Discrepancy: paxes vs axes

joshspeagle / dynesty

Dynamic Nested Sampling package for computing Bayesian posteriors and evidences

https://dynesty.readthedocs.io/

MIT License

347 stars 76 forks source link

Discrepancy: paxes vs axes #193

Closed mileslucas closed 4 years ago

mileslucas commented 4 years ago

Hello, I'm trying to learn more about this code and I keep scratching my head over how axes and paxes are used within the bounding algorithms and the sampling algorithms.

For example, in the ellipsoidal code, the axes are labeled as the "transformation axes" of the ellipsoid and are the Cholesky decomposition of the covariance matrix. Also here, paxes are labeled as the principle axes and then describe how they should be used for transforming between the unit hyper-cube and the prior volume.

Given this, I assume that methods like the random-walk (rwalk) implementation would use paxes to generate proposals, yet the code fed into it uses axes (many snippets of "if method in ['rwalk',...] return ell.axes". Upon inspecting the nestle codebase and some of my own code, the appropriate solution is to use paxes as they are described in the bounding constraint constructors.

Is this is a bug or is this a lapse in my understanding?

joshspeagle commented 4 years ago

No, you’re not wrong — the two types of axes are a result of a tortured development trying to get the bounding ellipsoids to be both stable and straightforward to use internally. The way I’ve set things up, the Cholesky decomposition C^1/2 in axes is the correct way to transform a standard normal random draw z to x ~ C^1/2 * z, which is used in rwalk and unif. However, when sampling using slice, since the code rotates through the principle axes of the distribution I believe it uses paxes.

mileslucas commented 4 years ago

Hmm, for the standard rejection sampling and the MH walk methods from nestle seem to use the axes as derived here: https://github.com/kbarbary/nestle/blob/581a1c3517ac9589d1f2c6b05679a0f38894a291/nestle.py#L259-L262 (eigen decomposition of the precision matrix) which matches your paxes- so I'm confused why your rejection sampling code uses axes.

The actual sampling in nestle uses u_prop = u + scale * du where du = dot(axes, dr) (for the MH walking), so my confusion is how nestle uses the eigen-decomposition and you use the cholesky for the same thing and they both seem to work.

joshspeagle commented 4 years ago

I'd have to go back through the math (dynesty was initially built off of nestle, so I started from the code snippet you shared), but I'm pretty sure that while the actual transformation for a given z is different, the statistical distribution of points after transforming an ensemble of random z draws is the same.

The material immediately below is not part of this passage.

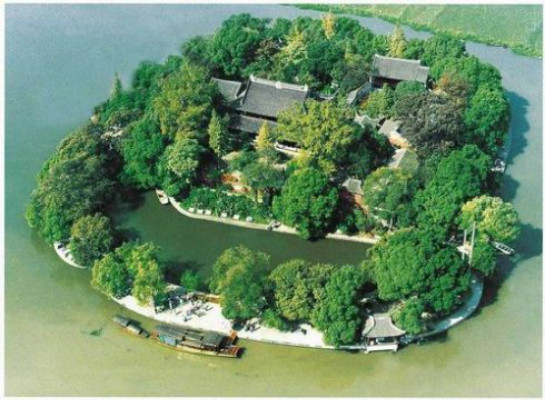 湖心岛(南湖湖心岛) 湖心岛(南湖湖心岛)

mileslucas commented 4 years ago

That seems reasonable (and I could check with monte-carlo easily enough), though it begs the question: if you can slice and sample using paxes why carry around axes at all?

Thanks for having this commentary, too, I really appreciate it!

joshspeagle commented 4 years ago

If I'm remembering correctly, there was some point during development where doing the Cholesky decomposition was useful for checking stability. Since you get the matrices for free, I think I just started using them as a result. I'm sure there were other reasons that I could back out looking through old commits, but that's all I got off the top of my head.

And no problem! Happy to try and help. If you have any other questions, happy to answer them here. Feel free to close this issue whenever you're satisfied.